As the Senate voted against a measure to expand background checks — a policy supported by a vast majority of Americans — Mark Kelly addressed a crowd in Irvine Auditorium.

“There is an inherent fallacy in the efforts of the gun lobby to make gun laws across this country more and more permissive,” said the former astronaut and husband of Gabrielle Giffords, a former Arizona congresswoman who was shot in an assassination attempt in 2011.

“The NRA leadership and other affiliated groups have backed measures to allow guns into every corner of our society,” he said.

Kelly was the keynote speaker of “Finding Common Ground: Moving Forward,” a conference on gun violence and policy hosted by the School of Social Policy & Practice on Wednesday afternoon.

“When it comes to guns and gun violence, you don’t hear the truth very much. After all, it’s not really useful to tell the truth if you want to make money or extract donations,” Kelly added.

It is exactly this problem that the conference set out to address, SP2 professor and event organizer Susan Sorenson said. “When you turn on the news, it looks like there’s disagreement everywhere. But when you look at what the American people think and what the American people say they want, it’s an amazing agreement,” she said.

Packing statistics and storytelling into every second, the event featured a talk by Harvard public health professor Matthew Miller and a screening of “Living for 32,” a movie about Virginia Tech massacre survivor and gun control advocate Colin Goddard, who was also in attendance.

Miller’s discussion of empirical research on gun violence and ownership noted that while mass murders such as those at Virginia Tech and Newtown get the most media attention, most firearm deaths in the United States are suicides.

“People who live in homes with guns are at much higher risk of dying by suicide,” Miller said. “This risk is not trivial — two to 10 times higher depending on the group you’re talking about and how the guns were stored.”

Calling his position “neither pro-gun nor anti-gun, [but] pro-data,” Miller said the statistics show that the only difference that could account for the high level of gun deaths in the United States versus other comparable countries is the rate of gun ownership.

“We are obliged to act on what we already know,” he said.
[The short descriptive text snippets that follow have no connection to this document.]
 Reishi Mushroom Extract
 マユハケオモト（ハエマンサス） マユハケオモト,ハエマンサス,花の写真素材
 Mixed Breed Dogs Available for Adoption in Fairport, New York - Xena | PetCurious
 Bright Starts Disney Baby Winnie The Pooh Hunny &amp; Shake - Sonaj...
Kelly and his wife have spent the past several months meeting with members of Congress to push them to pass gun-control legislation. He lauded the efforts of Pennsylvania Sen. Pat Toomey (R.) and West Virginia Sen. Joe Manchin (D.) in proposing the universal background check amendment to a broader package of gun policy reform. Not surprised that the measure failed, he said he did not think Congress would pass any gun reform this term.

He hoped, however, that the legislation would receive a vote in the House of Representatives.
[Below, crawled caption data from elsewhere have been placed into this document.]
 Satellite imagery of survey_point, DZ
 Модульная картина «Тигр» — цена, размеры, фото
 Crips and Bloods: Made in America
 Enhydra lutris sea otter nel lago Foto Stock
“The families of Newtown deserve a vote and I think all the victims of gun violence around this country deserve that,” Kelly told The Daily Pennsylvanian after the event. “The American people who support it deserve to see it voted on.”

The House version of the bill, which is supported by several Pennsylvania representatives, would be unlikely to pass in the Republican-controlled House.

Attendees reacted positively to the event.

“Mark Kelly was very good at balancing both sides,” College freshman Varun Menon said. “I thought Colin Goddard’s story was very incredible. I was very happy to see the movie and to see him speak because his perspective is vital to a conversation like this.”

Social work student Kelsey Colburn, who is studying at Penn for the semester, found the conference very informative. “It’s a huge topic today and all of my friends are arguing about it, so I may as well learn something,” she said. “I do think that universally we can all agree that there are certain people that we don’t want to have guns and it’s kind of bizarre to me that we can’t move forward on that.”